I would think that having a myriad of different standards, demanding complex over-engineered multi-point installations at every charging location, should cause things to get even more expensive.

Just 2 minutes from me is one of the new expensive and complicated Shell chargers that on-paper supports just about every charging standard. It has been perpetually displaying "charging not available" in difficult to see green LED words on the side of it's contactless pay point. I often see drivers sat quietly in their cars, plugged-in, happily reading a paper. However, those plugs absolutely do not release any electricity (as confirmed to me by Shell). Presumably not many EVs come with an alarm to warn drivers that their power source is defunct?

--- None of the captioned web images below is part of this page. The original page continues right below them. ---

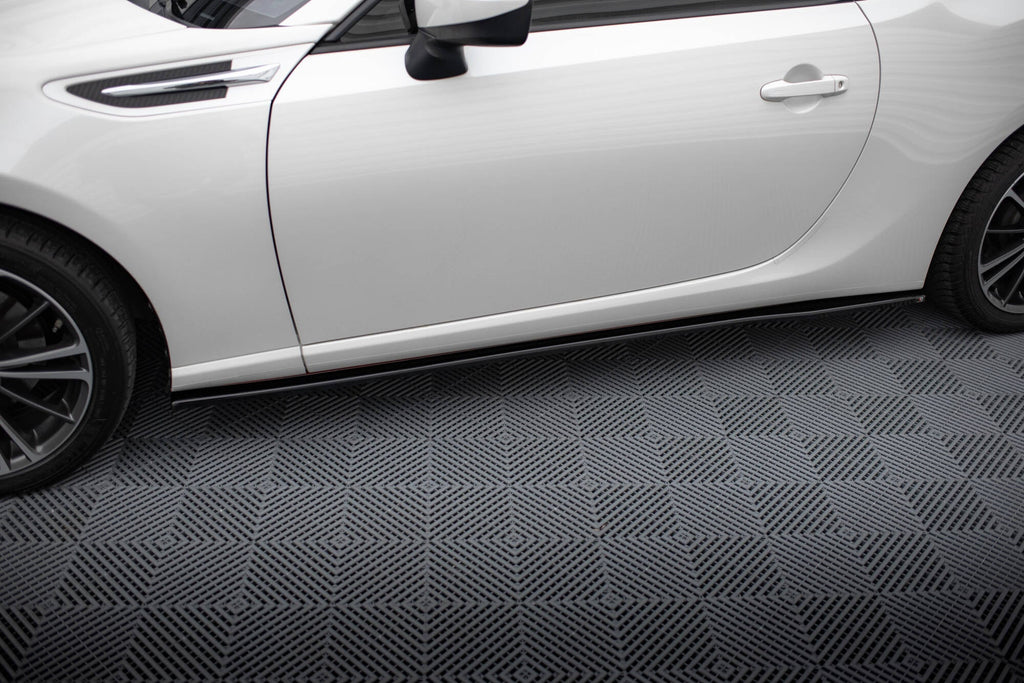 Maxton Design Difusores de taloneras laterales V.1 para Subaru BRZ Mk1 / Mk1 Facelift / Toyota GT86 Facelift - imagen 1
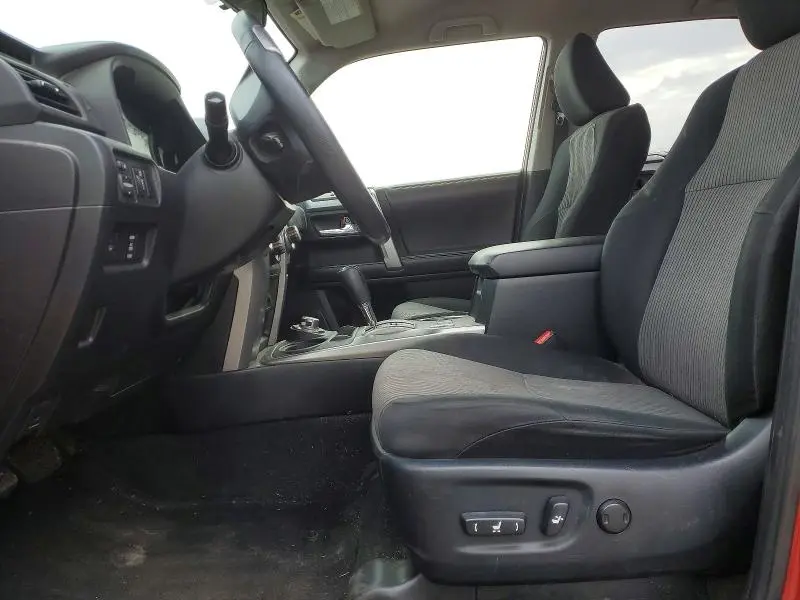 2019 TOYOTA 4RUNNER SR5  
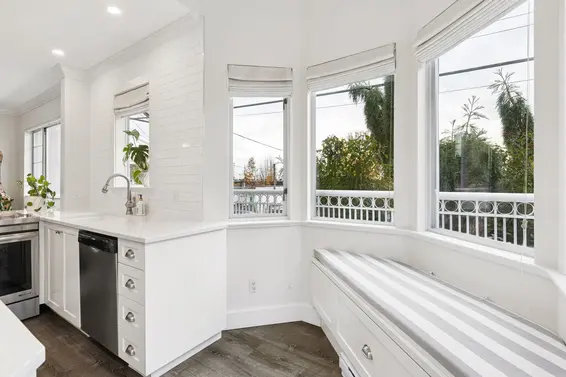 101 2440 Haywood Avenue, West Vancouver For Sale - image 17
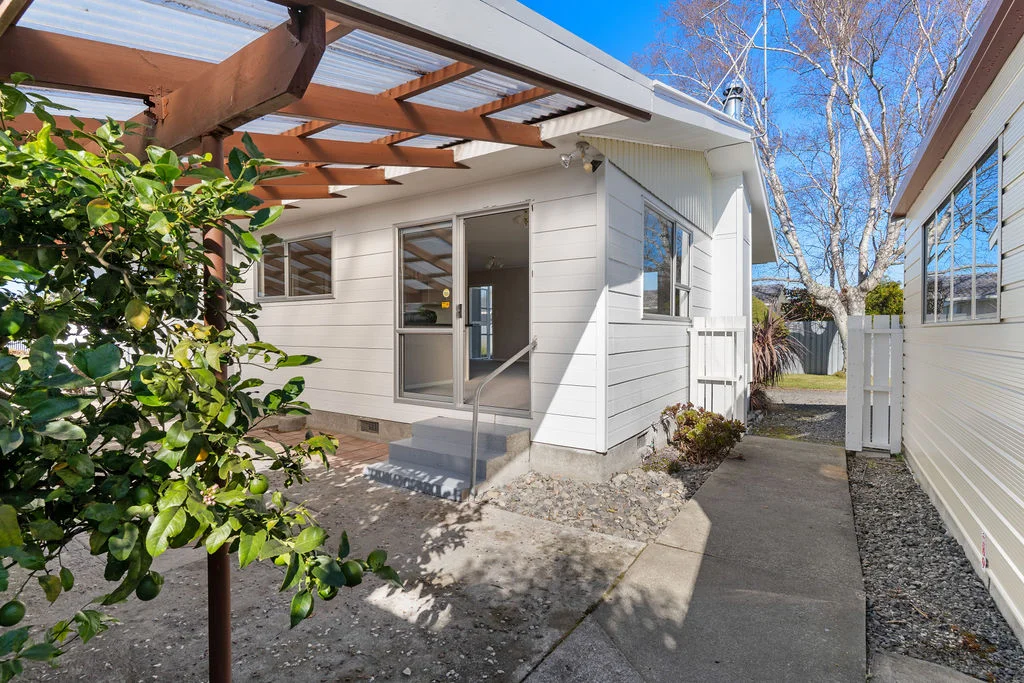 Carterton 3 Bedroom A home with a sunny disposition, ready and waiting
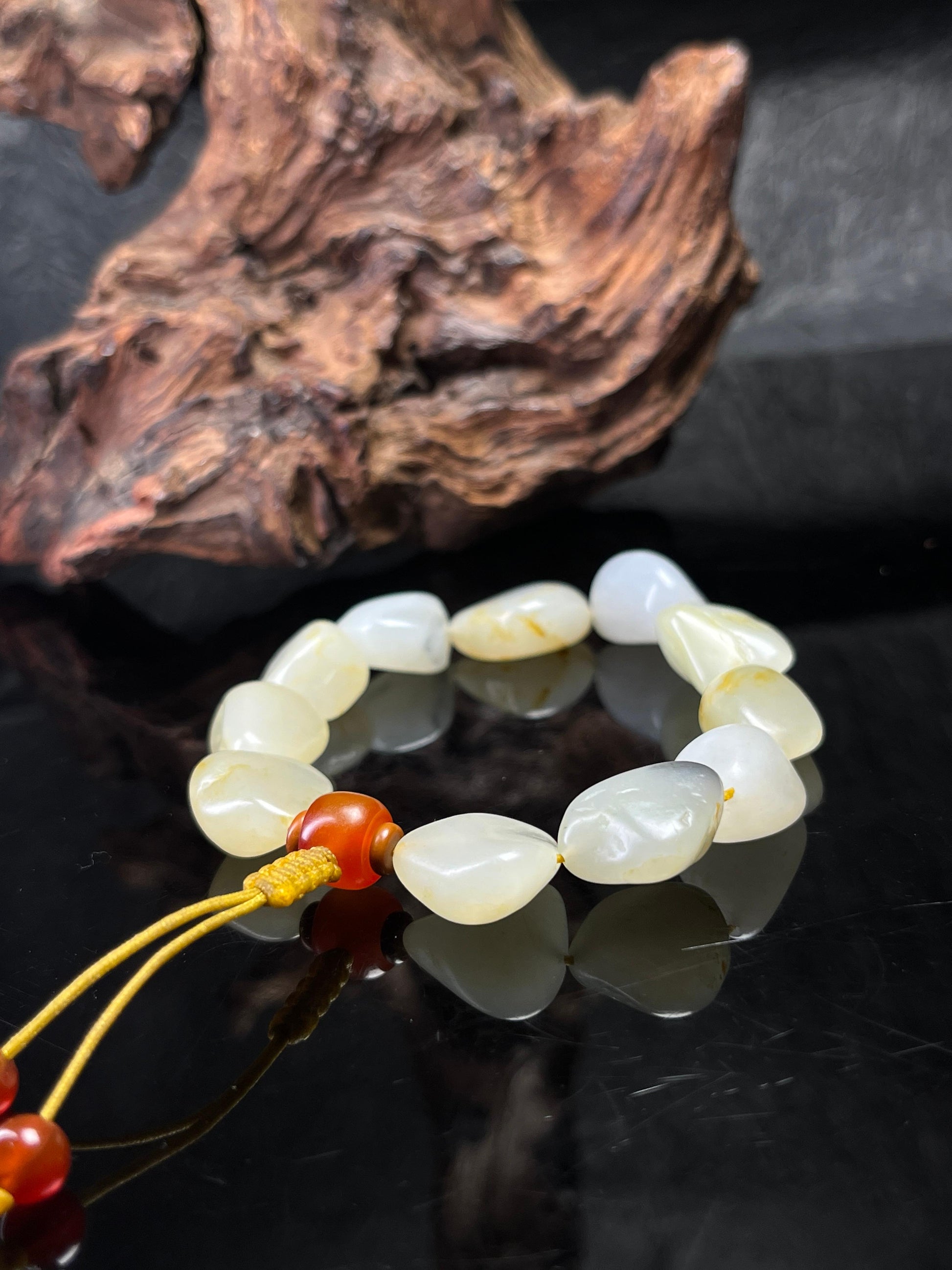 新疆和田玉天然籽料原石白玉手串原皮原籽（yc232599）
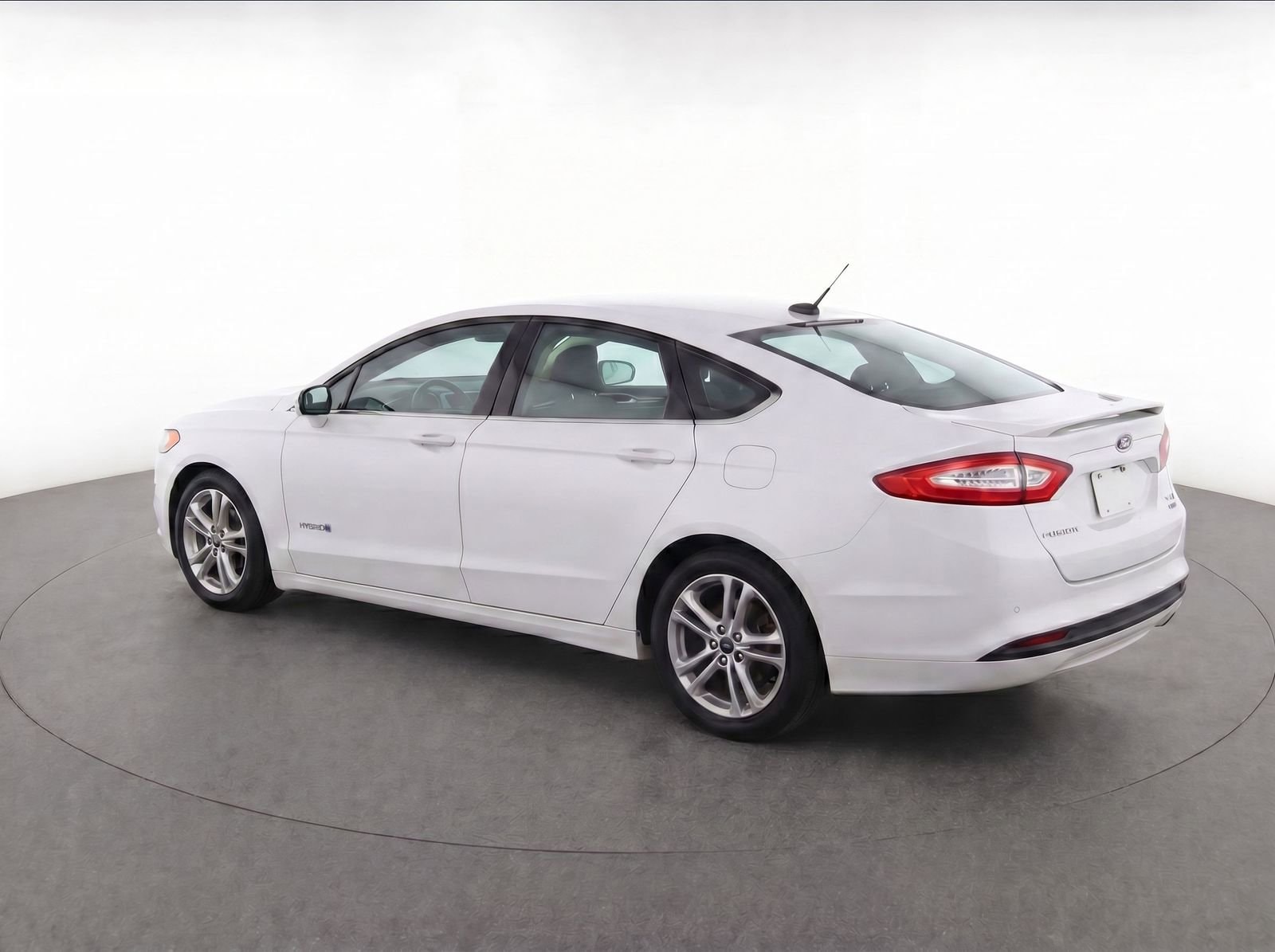 Thumbnail: 2015 Ford Fusion - 3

I check that charger regularly hoping for a status change, and it is consistently showing "charging not available". It goes without saying that I have only plugged-in at that point once, and it does not surprise me that I never see a same car "charging" twice at that point. I do see drivers leaving in a distracted anxious mental state, evidenced by two details: Their pale faces, and their charge lids being left open.

As this is a repeating story I have a developed a recurring mental image that causes me to wonder what should happen if any of those EVs were actually needing a recharge before leaving: By coincidence I passed one EV abandoned in a junction not more than 2 minutes from the charger (in the opposite direction of my house). As this is in the sticks there were no houses near to the junction to graciously offer a single phase 10A top-up through a cheap garden mower cable. The police came for it. Poor soul, quite possibly made poorer by the expensive state of our charging networks.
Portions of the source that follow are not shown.